Dataset extract
---------------

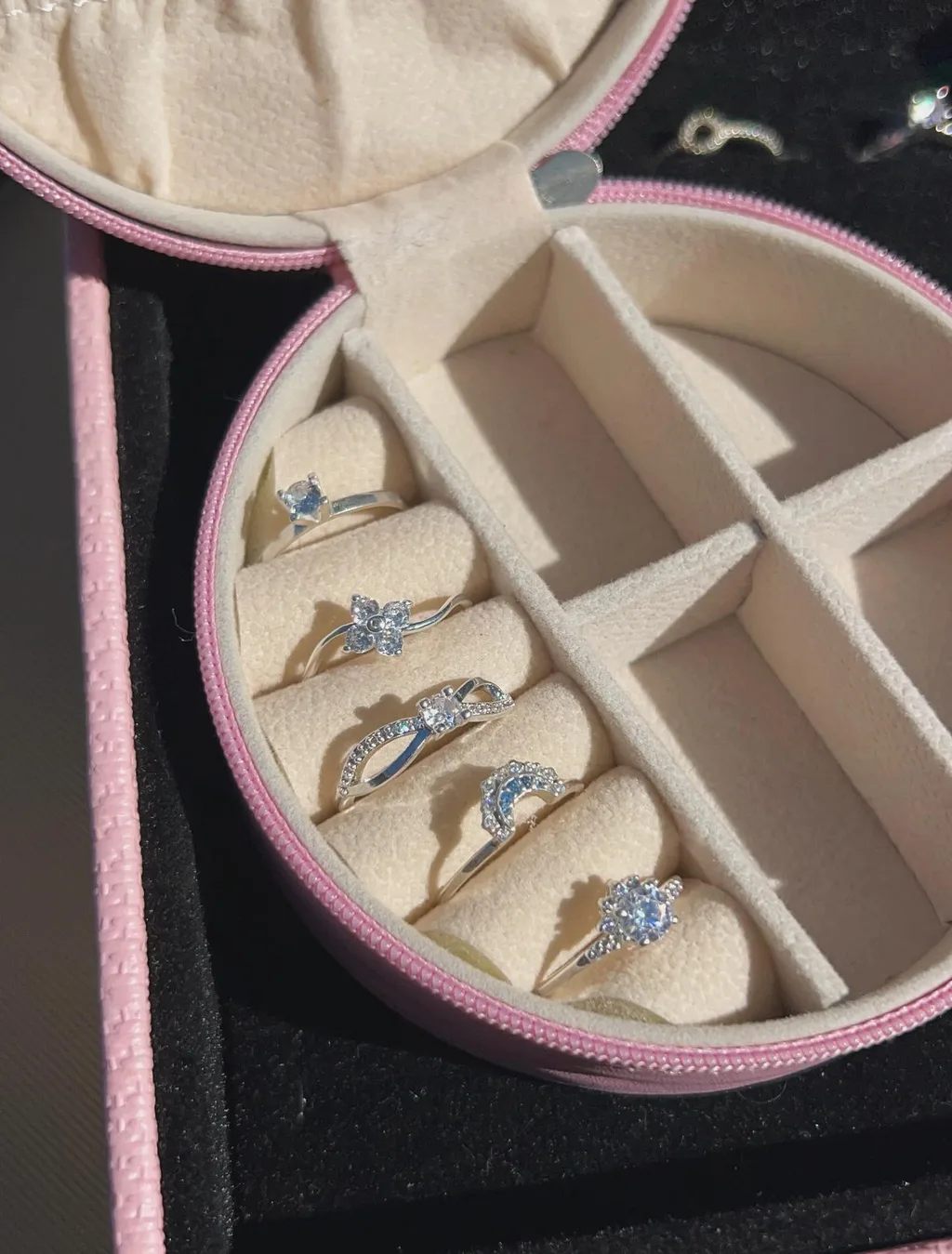 Porta-joias rosa com cinco anéis em prata 925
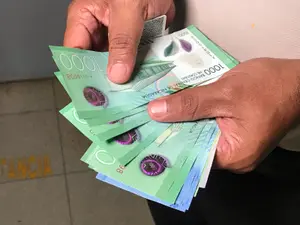 Trabajadores del Minsa celebran el pago adelantado de su salario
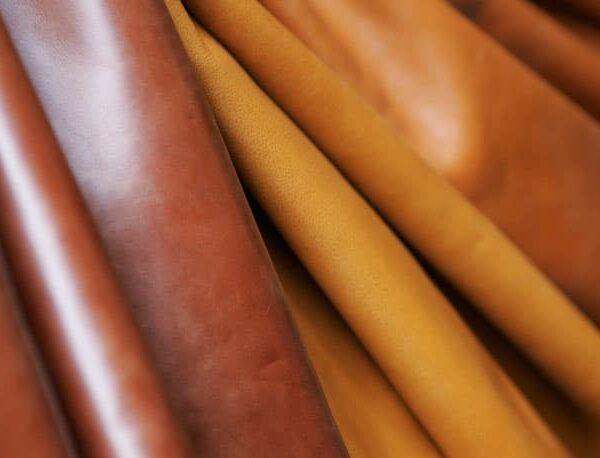 Mẹo phân biệt da bò thật, da bò giả trong 3 phút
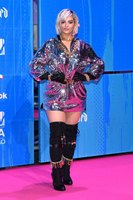 Bebe Rexha Longsleeve T-shirt #3722171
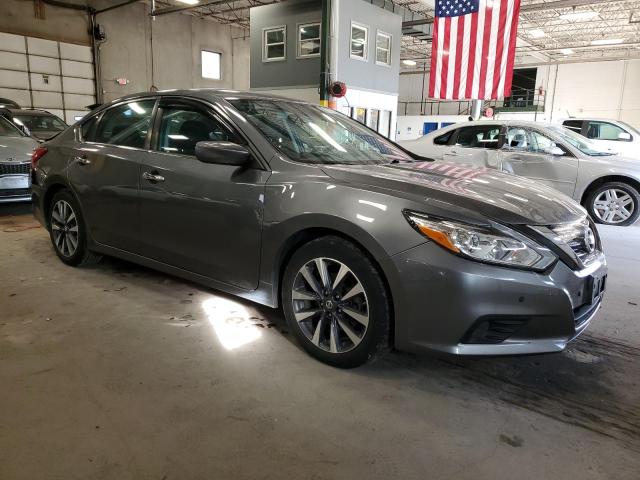 Продажа на аукционе авто 2017 Nissan Altima 2.5, vin: 1N4AL3AP8HC290576, номер лота: 77772333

---------------

Exercise
Only an exact, picture-free copy of the entries counts as the answer.

Answer box
 Porta-joias rosa com cinco anéis em prata 925
 Trabajadores del Minsa celebran el pago adelantado de su salario
 Mẹo phân biệt da bò thật, da bò giả trong 3 phút
 Bebe Rexha Longsleeve T-shirt #3722171
 Продажа на аукционе авто 2017 Nissan Altima 2.5, vin: 1N4AL3AP8HC290576, номер лота: 77772333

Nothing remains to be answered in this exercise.